Taylor Swift, ever the ambitious pop star, is embarking on what’s probably her wildest project to date—rerecording six of her nine albums entirely from scratch.

It kinda goes without saying that the rerecording process will be an arduous task, but we're sure Tay would love any opportunity to laugh in the face of Scooter Braun for thinking he could purchase her masters and get away with it.

But one major question remains: Is it actually possible for Taylor to rerecord most of her catalogue? And could she get into legal or financial trouble for trying?

The answers to your most pressing Swiftie questions, below.

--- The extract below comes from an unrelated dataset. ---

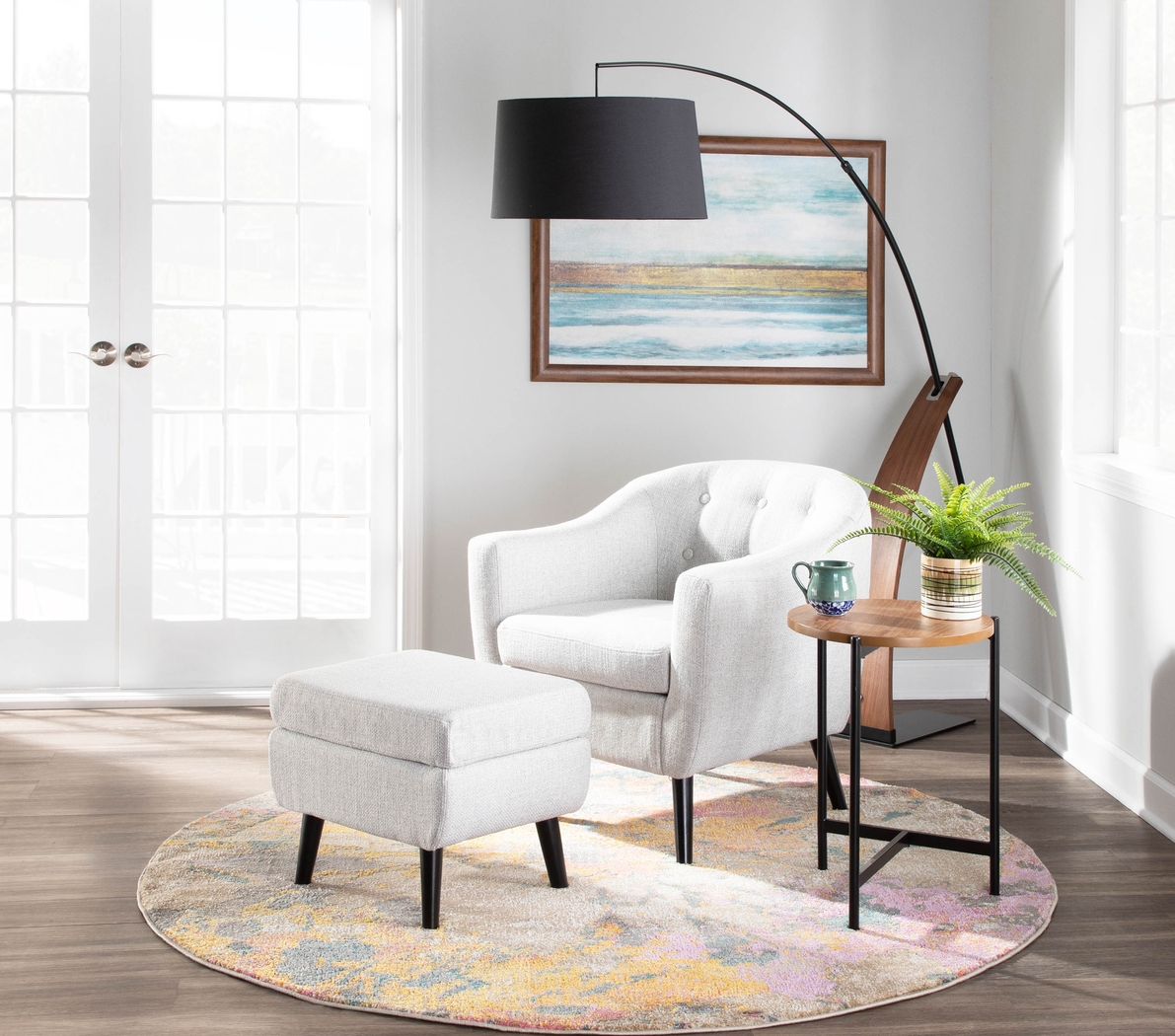 Restgate Walnut Floor Lamp - Thumbnail - Image 12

So how many songs does Taylor need to rerecord?

Well, if you tally up all the songs and bonus tracks from Taylor’s self-titled debut album, Fearless, Speak Now, Red, 1989, and Reputation—excluding live versions, demo versions, and voice memos, mind you—that’s a little more than 100 songs Taylor has to breathe new life into. But considering she put out Folklore and Evermore back-to-back earlier this year, followed quickly by her Fearless hit 'Love Story', I have no doubt that’ll be a breeze for Tay.

How much will rerecording cost Taylor?

Multimillionaire Taylor likely isn’t too worried about the financial cost of reproducing her old works, but there still is one. 'While an aggressive rerecording effort would be driven by principle, not money, there are nonetheless still economic considerations,' music lawyer James Sammataro told Rolling Stone. 'There is the cost of production—admittedly, a drop in the bucket.' There’s also a licensing fee, but that should be no biggie.

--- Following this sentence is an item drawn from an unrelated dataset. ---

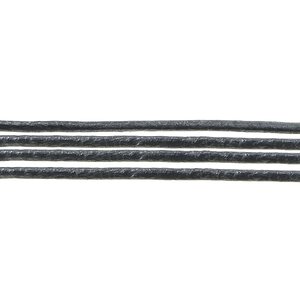 Nahkanyöri 1,5 mm pyöreä kiiltäväpintainen tummanharmaa, 1 metri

Are there any legal blocks Taylor might run into?

Short answer: It depends on how the new songs sound. According to TMZ, Big Machine Records has an 'original production clause'. This clause essentially prohibits Taylor from making her forthcoming songs sound exactly like the original versions, so to compensate, Taylor will need to make sure her new recordings sound distinguishable from her older ones to avoid any legal probs.

Final Question! Can Taylor *really* do this?

She sure can! Taylor has (impressively) written the vast majority of her songs solo since the release of her debut album, so rerecording will be a snap because she doesn’t have to worry about drama on the copyright and publishing side of things. Per Rolling Stone, Taylor will not have to ask for permission from Liz Rose (cowriter on Tay’s self-titled album and Fearless) or Nathan Chapman (one of Tay’s longtime producers) to rerecord either. To sum it up, Tay looks good to go!

All that said, I cannot wait to sink my teeth into Red (Taylor’s Version), which recently dropped. My wallet—and ears!—are ready.